This would mean a base price of 190 PLN/MWhr plus the factor times 300 PLN. Since the final law only provides for under 1 MW in practice, the figures would be: 200-500 kW = well over 1000 PLN; 500-1000 kW = 970 PLN. These figures are consistent with numerous studies of the costs of production and are much higher than the Deputy Minister's statement.
Clearly the fate of small biogas projects in the 250-350 kW range depends on getting more support than 500-600 PLN.
If you add the 120 PLN/MWhr for co-generated heat, the gap narrows, but most farm-based plants cannot achieve the necessary high utilization rate to be eligible for co-generation support.
Unfortunately, the reference prices will not be announced until a few months before the auction. So projects that cannot survive on 500-600 PLN/MWhr (the low figure) will be difficult to plan and develop...at least for the first auction.

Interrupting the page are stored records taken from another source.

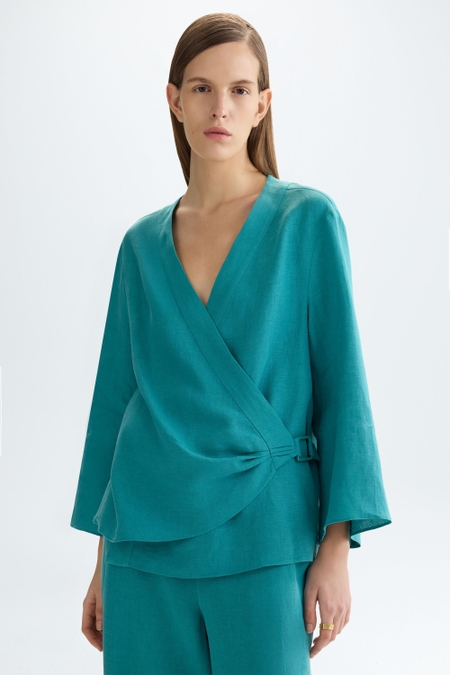 BUCKLE LINEN WRAP LOOSE BLOUSE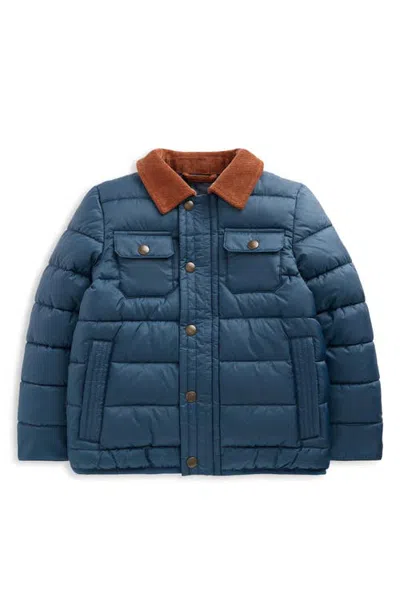 Mini Boden Kids' Quilted Jacket With Corduroy Collar In Blue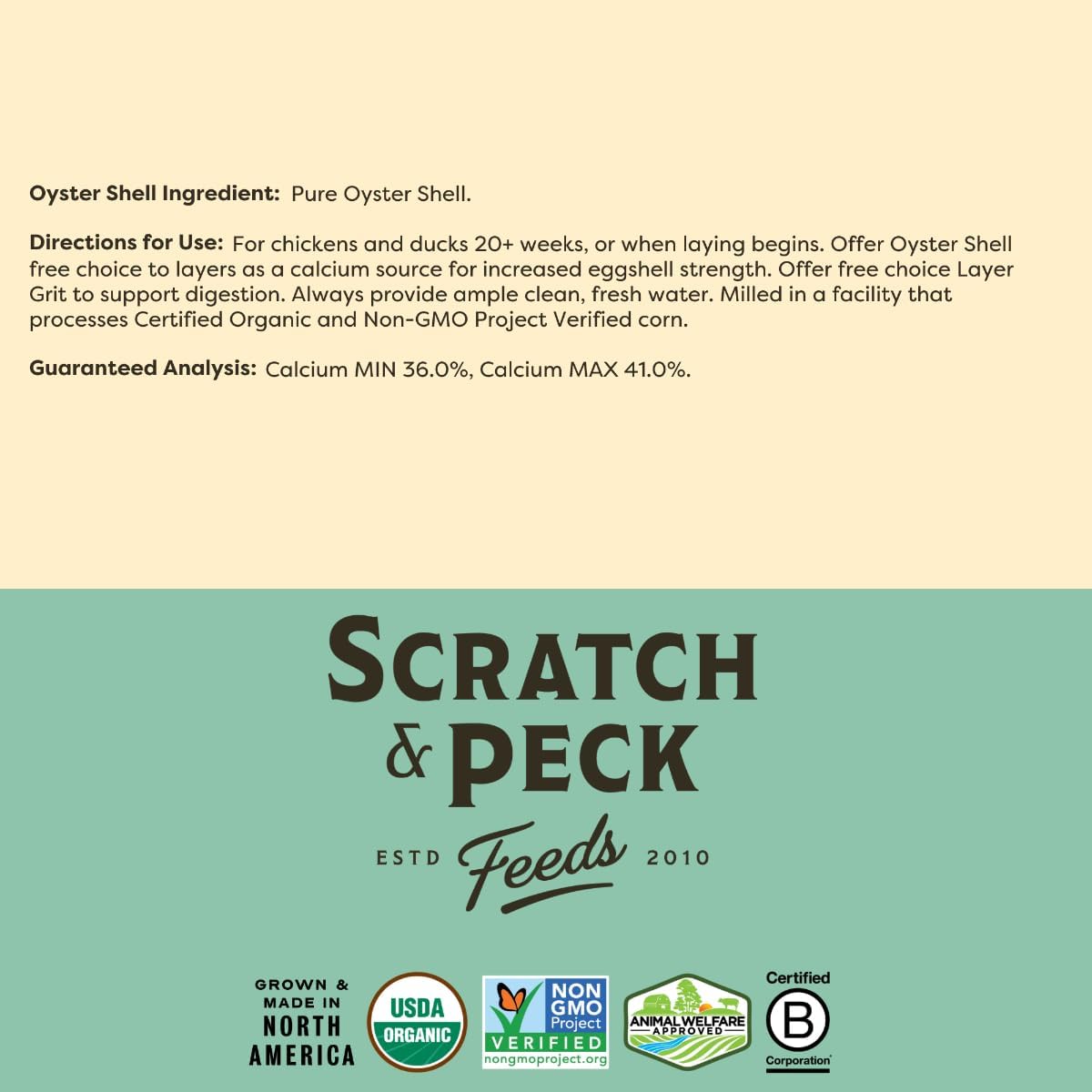 Scratch and Peck Feeds Cluckin Good Organic Ground Oyster Shell for Chickens and Ducks - 4 lbs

The possibility of grants may be useful to bridge some of the gap, but they present coordination issues with the auction timetable and also cannot be expected to cover enough projects to meet the expected total power sought by the Government.
On that subject, it seems optimistic to expect an auction in 2016. If the natural course of events is assumed, it will be in 2017. This means that it will be even larger and the under 1 MW share will be even more stressed to find bidders in my opinion.
The schedule for transition to the new law seems problematic for most developers. This is especially true since so many small operations have reduced their development efforts in light of the long delay and low Green Certificate prices.
Every sector of renewable energy has its own issues with the law and the transition period. The net result is the virtual impossibility of Poland meeting the 2020 target. It remains quite possible that there will have to be supplemental legislation to address the problems, which might include extending the certificate program in the interim and conforming it to state aid rules.